Tanto en Haití como en Cuba, este interés “se articula con una perspectiva que busca integrar todos los componentes originarios de la población en el seno de la nación política” (Byron et al. 2020: 279). Lo influencian también movimientos como el primitivismo, el “arte negro”, el Renacimiento de Harlem y más tarde el surrealismo, estableciendo lazos estrechos y profundos entre sus principales actores (Célius 2005b; Moore 1997; Argyriadis 2006). La perspectiva comparativa, inspirada, entre otros, por los principales autores de las corrientes difusionistas que “asocian al hombre con su cultura, con una civilización, y ya no solamente con su naturaleza y su raza” (Laurière 2015: 19) y de la morfología cultural (Mancini 1999), anima tanto a Fernando Ortiz como a Jean Price-Mars, que procuran a la vez captar el “alma” específica de su pueblo, formada por múltiples aportes culturales, y ubicar sus puntos comunes en el Caribe o, más allá, en las Américas.

Folklore y nacionalismo

Sin embargo, en los años siguientes en Haití, son varias las voces que quieren definir el valor intelectual, político (con Jacques Roumain en particular), estético (con Philippe Thoby-Marcellin) y social (con el llamado grupo de Les Griots) de la “autenticidad”, y no siempre concuerdan entre sí. En el marco de las luchas antiimperialistas que se intensifican entonces, el involucramiento en una nueva identidad cultural nacional opera junto con la renovación del pensamiento nacionalista, que divide a los autores implicados. Al llegar a su fin la ocupación del país por parte de Estados Unidos (1915-1934), el desarrollo de una reflexión sobre sí mismo, nacida del movimiento llamado “indigenista”, se nutre tanto de las ideas difundidas por nuevas orientaciones políticas socialistas (Charlier 1934; Roumain 1934; Beaulieu 1942), como de las de la École des Griots (y la revista del mismo nombre con Carl Brouard, Lorimer Denis y François Duvalier entre 1938 y 1940) que destacan la singularidad de la “raza haitiana”, o también de las que se relacionan con el temor que otros sienten ante el entusiasmo suscitado por “las Áfricas de Haití” [6]. En este contexto, la mirada sobre sí mismo, que se encuentra en el corazón del proceso intelectual y político, articula y junta de manera duradera un proceso de identificación y de distanciamiento (Laëthier 2019). En un momento en el que el ejercicio del poder se asocia con luchas ideológicas combinadas con una instrumentalización de un código de color, la elaboración de un sentimiento nacional basado en esta mirada sobre sí mismo, que une y divide a la vez a los intelectuales, es precisamente una de las peculiaridades de la etnología haitiana. Aquí, a la inversa de lo que ocurre en otras partes, “el otro” es el mismo yo –la alteridad es alternativamente ipseidad e identidad– pero se expresa a veces por vías contradictorias.
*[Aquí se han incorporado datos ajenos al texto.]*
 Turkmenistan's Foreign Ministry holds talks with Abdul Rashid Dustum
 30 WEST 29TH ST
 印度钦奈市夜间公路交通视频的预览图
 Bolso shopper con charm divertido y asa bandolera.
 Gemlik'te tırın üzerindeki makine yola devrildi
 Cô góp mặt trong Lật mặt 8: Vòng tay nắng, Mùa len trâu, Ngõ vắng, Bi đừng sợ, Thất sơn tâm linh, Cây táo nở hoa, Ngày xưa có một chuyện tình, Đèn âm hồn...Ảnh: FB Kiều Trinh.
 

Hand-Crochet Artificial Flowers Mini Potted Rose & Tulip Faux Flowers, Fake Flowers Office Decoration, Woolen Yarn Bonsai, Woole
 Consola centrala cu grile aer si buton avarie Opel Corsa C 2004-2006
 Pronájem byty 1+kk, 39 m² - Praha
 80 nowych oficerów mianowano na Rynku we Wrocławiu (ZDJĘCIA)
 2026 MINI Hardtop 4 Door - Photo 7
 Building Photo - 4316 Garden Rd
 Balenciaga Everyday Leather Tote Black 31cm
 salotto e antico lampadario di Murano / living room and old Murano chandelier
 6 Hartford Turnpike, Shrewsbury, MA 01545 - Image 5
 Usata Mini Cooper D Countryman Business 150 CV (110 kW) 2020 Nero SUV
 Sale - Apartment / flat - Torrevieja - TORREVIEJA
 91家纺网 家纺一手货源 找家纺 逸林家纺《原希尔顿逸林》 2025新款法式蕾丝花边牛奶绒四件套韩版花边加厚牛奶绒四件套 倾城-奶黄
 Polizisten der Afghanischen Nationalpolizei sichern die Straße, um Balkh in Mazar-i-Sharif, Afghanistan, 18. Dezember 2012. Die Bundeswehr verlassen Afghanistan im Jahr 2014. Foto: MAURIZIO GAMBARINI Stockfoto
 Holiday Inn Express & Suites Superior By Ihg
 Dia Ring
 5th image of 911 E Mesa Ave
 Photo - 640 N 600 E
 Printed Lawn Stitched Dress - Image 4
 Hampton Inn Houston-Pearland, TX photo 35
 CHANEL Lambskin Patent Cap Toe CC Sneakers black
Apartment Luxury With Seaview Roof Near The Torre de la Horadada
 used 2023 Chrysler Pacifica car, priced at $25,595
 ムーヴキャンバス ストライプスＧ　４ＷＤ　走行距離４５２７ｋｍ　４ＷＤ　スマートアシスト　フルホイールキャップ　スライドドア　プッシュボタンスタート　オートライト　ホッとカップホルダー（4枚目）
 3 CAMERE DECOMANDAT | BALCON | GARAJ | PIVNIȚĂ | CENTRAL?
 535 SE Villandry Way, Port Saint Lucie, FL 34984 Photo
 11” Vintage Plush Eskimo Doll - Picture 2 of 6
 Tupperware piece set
En Cuba, en los años 1930, que inician con las luchas revolucionarias contra la dictadura de Gerardo Machado, la reflexión antropológica se concentra más que nunca en el campo “afrocubano”, alrededor de la figura de Fernando Ortiz, quien funda en 1936 la Sociedad de Estudios Afrocubanos. Pero también es sensible a la articulación de un enfoque sociológico de las relaciones de clases con una mirada centrada en la cuestión de la herencia cultural y que denuncia las desigualdades que la sustentan (Laëthier et al. 2020). Desemboca, en el inicio de la siguiente década, en lo que podría calificarse de “esperanza de etnogénesis”. Lo evidencia la fecunda noción de transculturación desarrollada por Fernando Ortiz en su obra mayor, Contrapunteo cubano del tabaco y el azucar (1940b), que constituye a la vez una herramienta conceptual para analizar el proceso de construcción de una identidad común nacida de los “contactos de civilizaciones”, y un verdadero proyecto político, un deseo de que las diversas formas de mezclas y de transformaciones que estos contactos engendraron desemboquen algún día, en el país como en el resto del mundo, en una “neoculturación” (Ortiz 1973 [1943]: 188; ver también 1940a). En contraposición al “contra sí”, al igual que en Haití, la antropología cubana se instituye entonces en sus diferentes modalidades en una antropología “en sí”, “para sí” y “para el Otro”; el abogar por una “común cubanidad” estará puesto sin cesar al servicio de la aspiración a una “común humanidad”.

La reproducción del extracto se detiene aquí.